Il sole cominciava a tramontare. Con l’arrivo della trivella arrivarono anche i soliti, maledetti giornalisti a mettere i bastoni tra le ruote alle operazioni di soccorso. Perlomeno, insieme alle telecamere e ai microfoni, la stampa, portò anche una gran quantità di riflettori e fari alogeni che furono sfruttati per illuminare il pozzo come non lo sarebbe stato nemmeno in pieno giorno.

«Ehi piccola, Sei ancora laggiù?»

«Si John! Sono qui, perché non mi venite a prendere? Dove sono mamma e papà?» Ora John riusciva a vedere la testa della piccola Siria illuminata da un riflettore da quattrocento watt.

«La polizia sta cercando i tuoi genitori dappertutto, ora ti spiego cosa faremo…» Disse John parlando a quel mucchietto di capelli sporchi di fango incastrati in fondo al pozzo profondissimo.

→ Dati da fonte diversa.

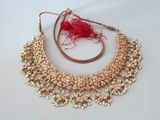 un gros plan sur un collier en or orné d'un pompon rouge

«Ora sentirai un po’ di rumore vicino a te, faremo un buco qui accanto, un buco abbastanza grande da permettermi di entrarci dentro, poi scaverò con le mie mani un piccolo tunnel proprio vicino a te e ti tirerò fuori di lì, hai capito bene Siria?» A dirla così, la cosa sembrava una passeggiata, in realtà era un azzardo, poteva andare storto qualsiasi cosa.

«Ho capito John, farete un altro buco vicino a questo e poi mi tirerete su da quell’altro buco, giusto?»

«Ehi, sei sveglia! Brava piccola, tu non devi fare altro che aspettare e cercare di stare tranquilla.»

John temeva che trivellare il terreno lì accanto avrebbe potuto far crollare il pozzo di Siria, sapeva che se non avessero fatto in tempo, la bambina sarebbe morta congelata, sapeva che Siria sarebbe potuta svenire o addormentarsi e probabilmente sarebbe annegata, e col frastuono della scavatrice non avrebbero mai potuto sentire i suoi lamenti. John sapeva tutto questo ma sapeva anche che era l’unica cosa rimasta da fare.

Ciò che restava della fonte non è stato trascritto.